In 1889, Tarleton Bean was appointed the editor of the Commission's publications, while continuing to hold the title of Ichthyologist. Most of his work at the Commission related to fish culture. In 1893, he represented the Commission at the World's Columbian Exposition in Chicago. By this time, Bean's reputation as a fish culturist was such that the New York Aquarium asked him to be its director and to oversee its reorganization and rebuilding. He served there with notable distinction from 1895-1898, when political changes led to his resignation. For the next eight years, he occupied a series of temporary positions. He served as the director of the forestry and fisheries exhibit for the United States at the Paris Exposition in 1900 and as chief of the departments of fish, game and forestry at the World's Fair in St. Louis from 1902-l905. In 1905, he approached the Field Museum in Chicago about collecting fishes in Bermuda. His request was approved, and he spent that summer and fall collecting and preserving fishes in Bermuda. The resulting catalog of Bermuda fishes was published by the Field Museum in 1906. In that year, Bean was appointed head fish culturist for the State of New York, a position he held until his death in 1916.
Bean's name will always be linked with that of his colleague, G. Brown Goode, with whom he wrote some 39 papers, culminating in the classic Oceanic Ichthyology. Their first joint paper was published in 1877, a description of two deep-water fishes collected while they were both aboard the Fish Commission steamer Speedwell. This incident left a deep impression on both of them and is recounted in the introduction of their last work, Oceanic Ichthyology, published the year Goode died and the year after Bean left Washington. Bean published more than 300 papers over the course of his career, about eighty percent of them dating from the time when he was at the Smithsonian and the Fish Commission. Most of his shorter systematic papers appeared in the Proceedings of the U. S. National Museum. Among his larger works, besides Oceanic Ichthyology, are The Fishes of Pennsylvania (1893), Catalogue of the Fishes of Long Island (1901), Food and Game Fishes of New York (1902), and Catalogue of the Fishes of New York (1903).
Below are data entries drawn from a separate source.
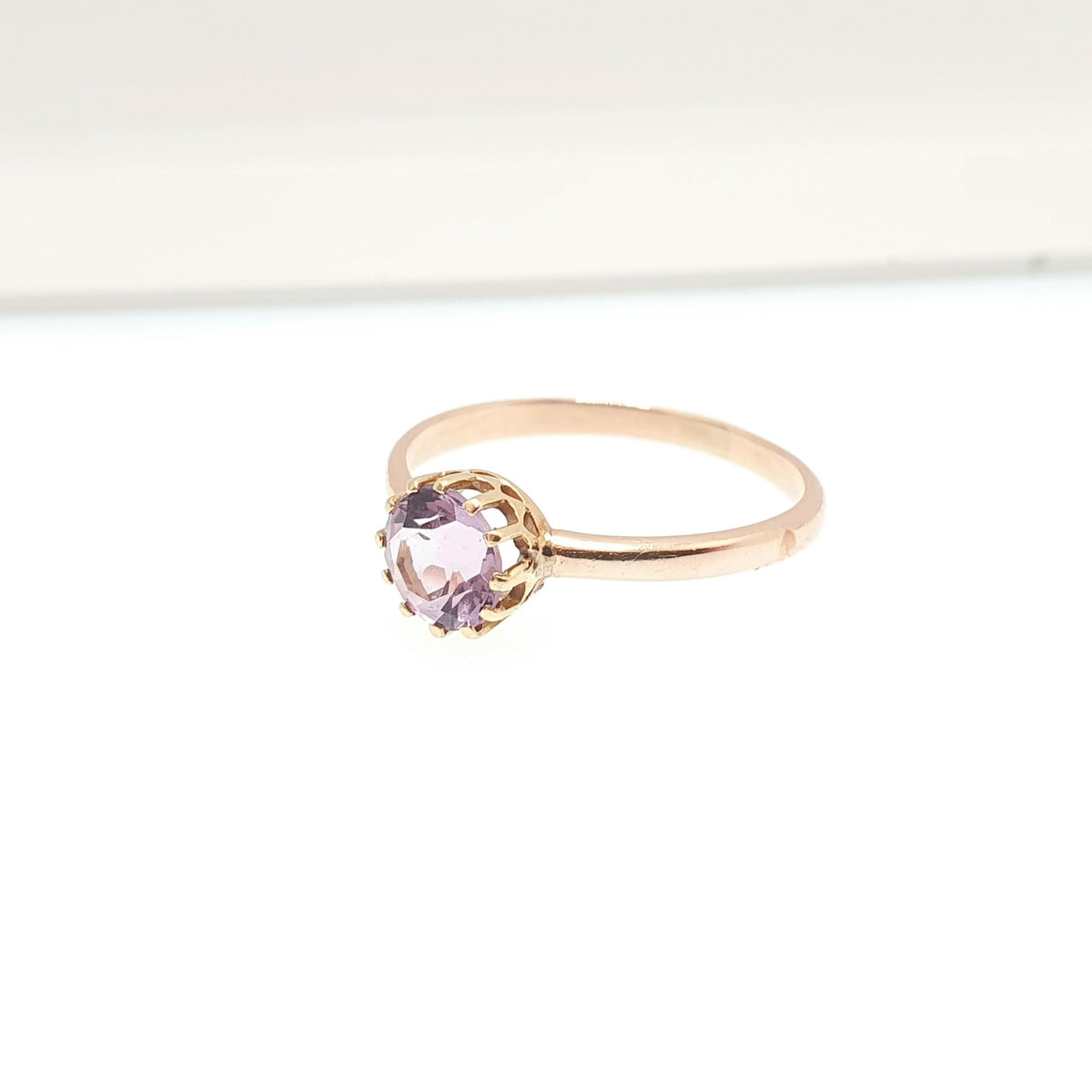 Antique 14k Gold Amethyst Ring Victorian Round Cut 18k Bezel Solitaire Solid 14kt and 18kt Genuine Gemstone Vintage Womens Jewelry Jewellery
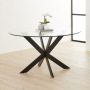 Geo Glass Round Dining Table with Black Legs and 4 Brogan Charcoal Dining Chairs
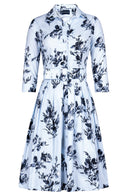 Audrey Dress #1 Shirt Collar 3/4 Sleeve Regular Length Cotton Stretch (Thorn Bud Rose Ground)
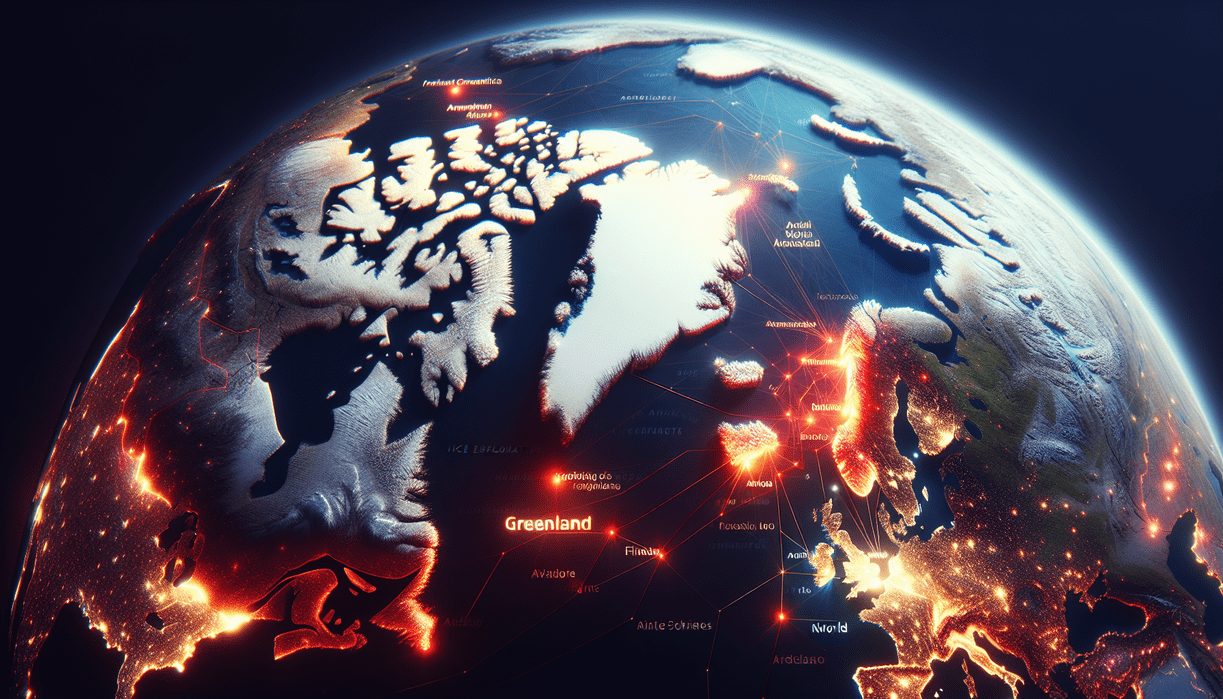 alt_text: Peta Greenland dengan sorotan geopolitik dan skema pembiayaan untuk eksplorasi es.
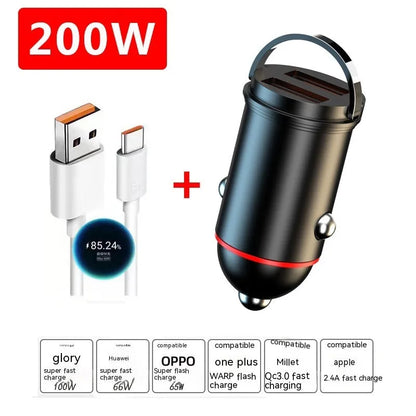 Black 200W car charger with zinc alloy housing and USB port for vehicle charging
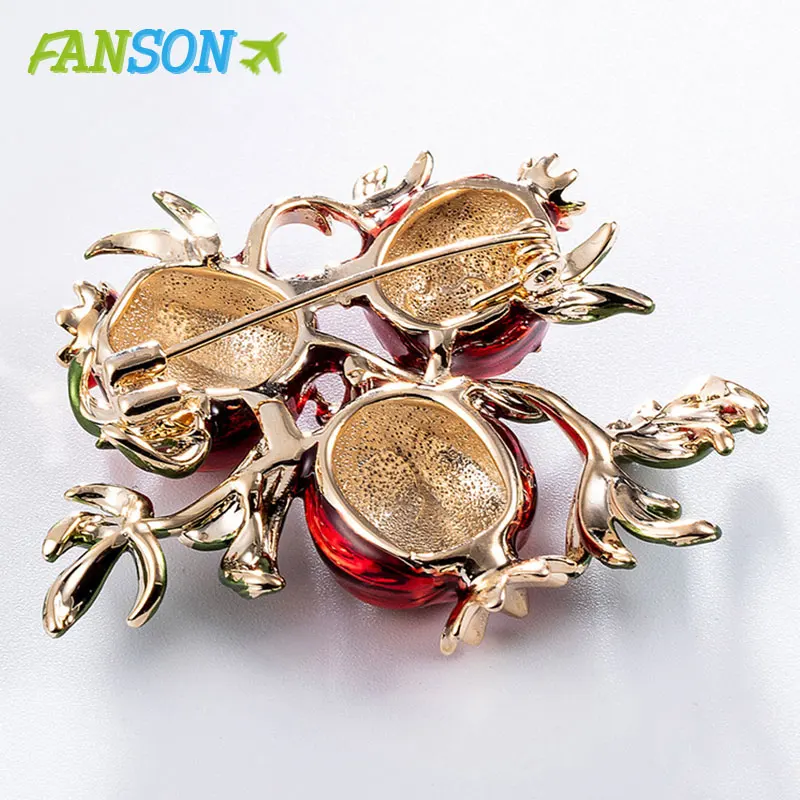 FANSON красная гранатовая брошь осень фрукты булавка эмаль броши для женщин пальто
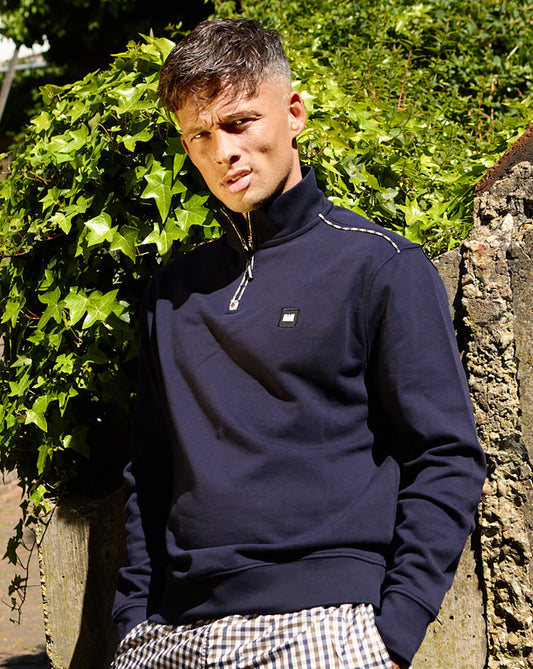 Weekend Offender Weekend Offender Matisa Quarter Zip Sweatshirt Navy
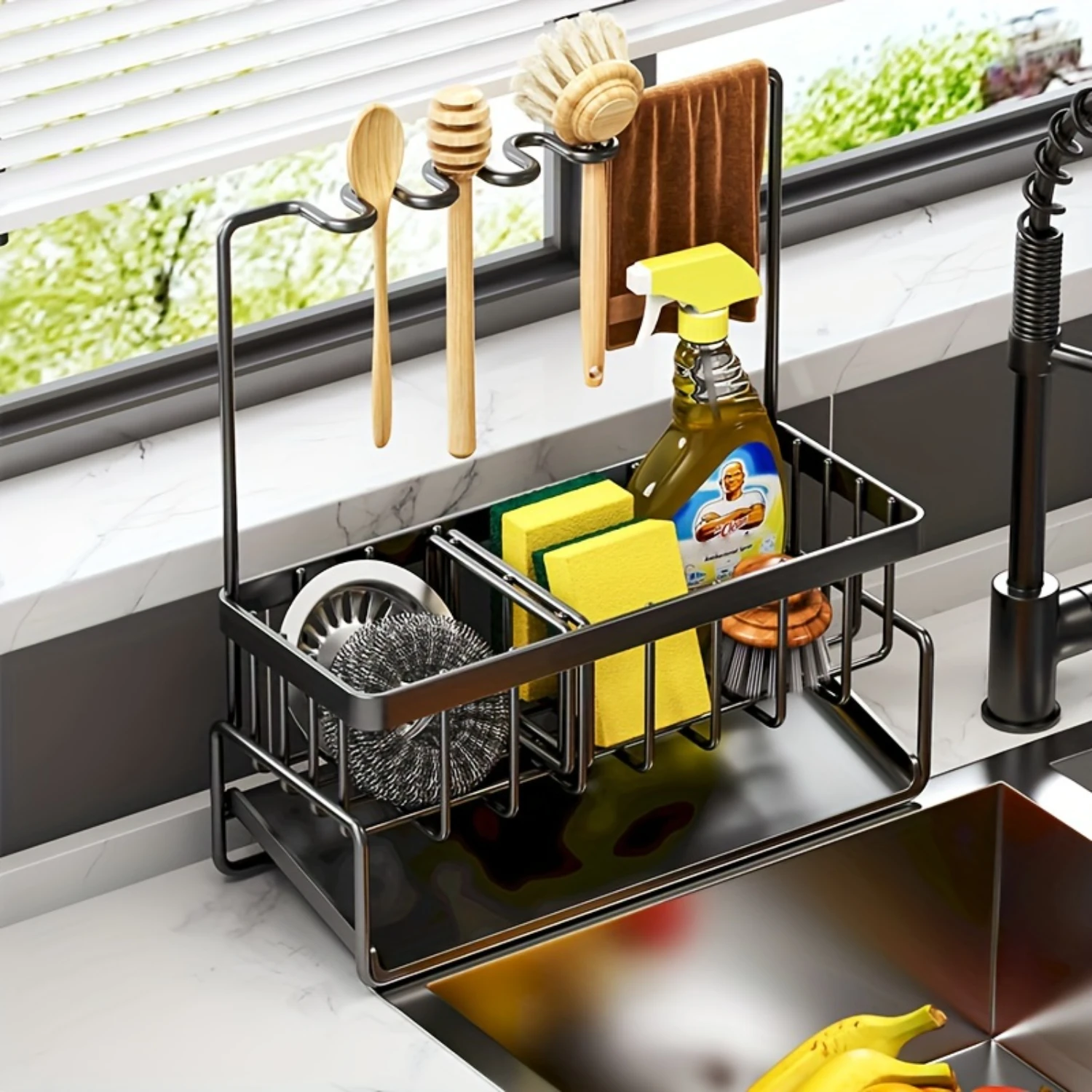 1pc Stainless Steel Sink Caddy with Dishcloth Holder - Kitchen Countertop Organizer for Sponge, Dish Soap, Brushes, and Rags - C
1pc Stainless Steel Sink Caddy with Dishcloth Holder - Kitchen Countertop Organizer for Sponge, Dish Soap, Brushes, and Rags - C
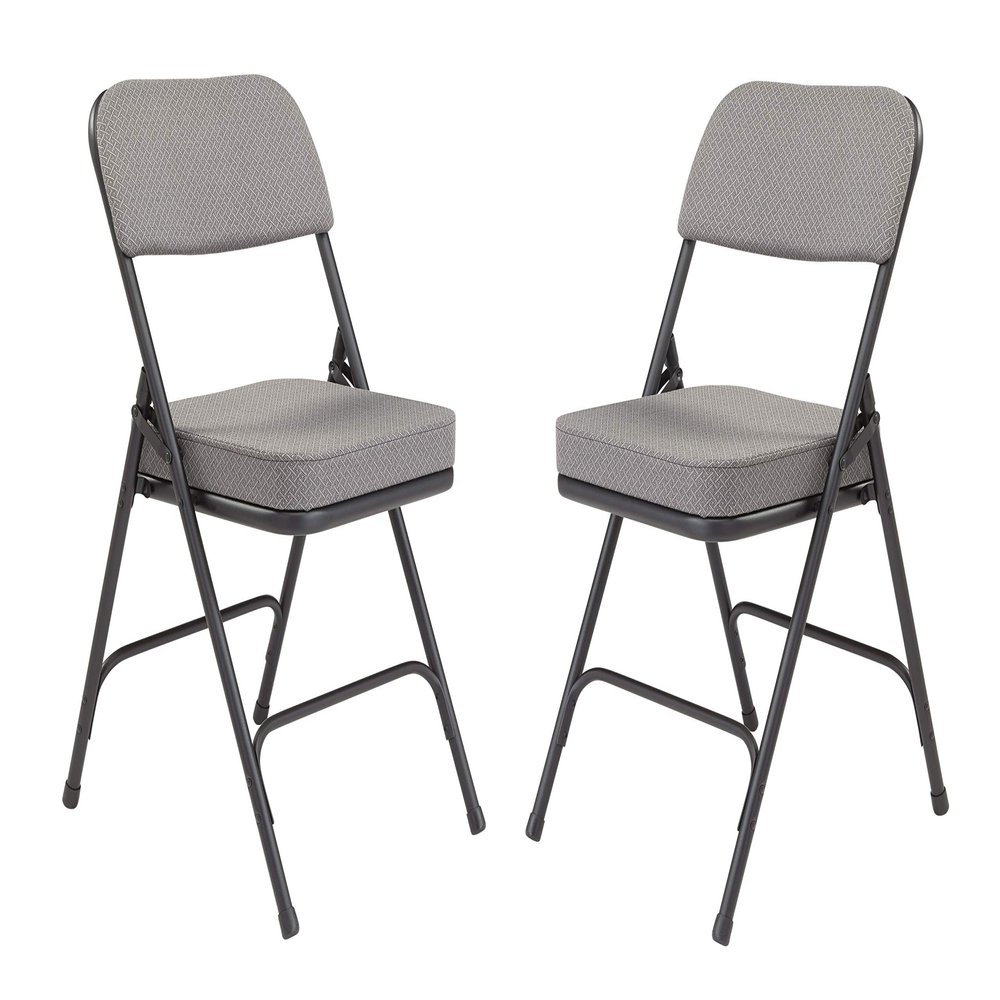 2 Pack Upholstered Premium Folding Chairs with Metal Frame and Fabric Padded Seat, 300 lbs Capacity (Grey)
Most of his later papers dealt with fish culture, and he published numerous popular articles in Forest and Stream magazine. Although the great majority of his work was on fishes, Bean also had considerable expertise in forestry and conservation. By the end of his life, he was generally considered to be the premier fish culturist in the world. His accomplishments were widely recognized in his time, and he received numerous awards from the US and other countries.